Covid has disrupted lives and livelihoods, but for some lucky businesspeople, this time represents opportunity just as much as it represents a challenge. For the new shopping app The Yes, postponing the original March launch day to May 20 lent an opportunity to Beta test what customers are looking for in the midst of a time when shoppers are approaching things differently than ever before. The app allows you to discover pieces instead of seeking them out: Like Tinder or Bumble for dating, after an initial quiz on your taste, The Yes lets you say "yes" or "no" to items and brands, further curating your options with every decision you make.
I had the opportunity to test out The Yes ahead of its launch, beginning with an initial quiz to get a feel for my style, and then to spend a week "yes-ing" and "no-ing" recommended items as the algorithms did their magic, curating items based on my personal taste, and suggesting boarded over 150 labels, including a number that I usually find myself seeking out, from Everlane and Zara to on-the-rise labels like Simon Miller, Staud, and Khaite, to luxury heavy-hitters like Gucci and Prada. It's designed to know which brands run small or large, and based on your input on the lines you think fit you best, it can even estimate if you need to stray from your usual sizing. The interface is simple and streamlined, and there's a straightforward search functionality that allows you to shop by trend or brand.
While The Yes price matches, and you can filter by desired price range, it doesn't have the same sorting options you may be used to. "The idea is not to sort from high to low, but to be able to find what you're looking for because it's closest to your style preferences," says Lisa Green, the SVP of Brand Partnerships. "We know that shopper often defaults to these functions because there's no other way to narrow down what they're seeing. On The Yes, they won't need to rely on those because the results are already sorted by what they are most likely to buy right on top."

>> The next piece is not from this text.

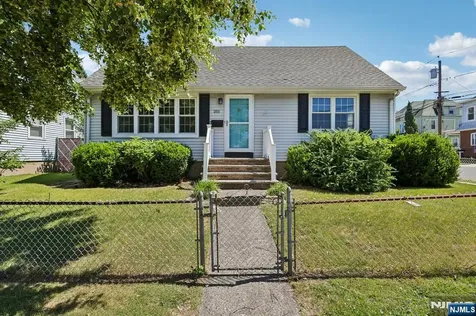 251 Main Street East Rutherford NJ 07073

The Yes' co-founder and CEO Julie Bornstein comes from another tech-minded fashion giant: Stitch Fix; while co-founder Amit Aggarwal is a Google and Groupon alum. The Yes also tapped Taylor Tomasi Hill to be the Creative and Fashion Director of the new shopping platform. Combining their expertise and a very specific vision of who their shopper is — and what she is looking for — The Yes will continue to grow slowly and thoughtfully based on, you guessed it, the data.
Unlike stores like Shopbop or Net-A-Porter, which you buy directly from, each brand you buy will handle the shipping of products. But The Yes streamlines the buying process and aims to make shopping more intuitive — and yes, also fun. "The hypothesis is that shoppers can find what they want and love faster and more easily versus scrolling through tons of pages that are seen by every shopper," explains Green. Instead of manually sorting for newest, most popular, or lowest price, the app's own processes are intended to sort the pieces it deems most interesting to you at the top of the feed.
In trying to plug in my own usual online shopping habits and immediately sorting by price or newest arrivals, I wasn't letting the AI do its magic. Instead, it leads shoppers like myself to discover new brands, and using my own habits to refine a homepage and my "Yes" page, a mood-board like curation of the items I'm eyeing for future purchase. While this integrative technology may never replace the in-person experience of trying something on, it aims to make the digital experience one that instead of leaving you exhausted, inspires you and takes the guesswork out of purchasing and in the end introduce you to brands and trends you may not have realized were a fit for your style. And since my feed is one entirely different than any other shopper, I'm able to hone in on forever pieces that are a fit for my closet, instead of ending up scrolling through the same new arrivals pages as my friends.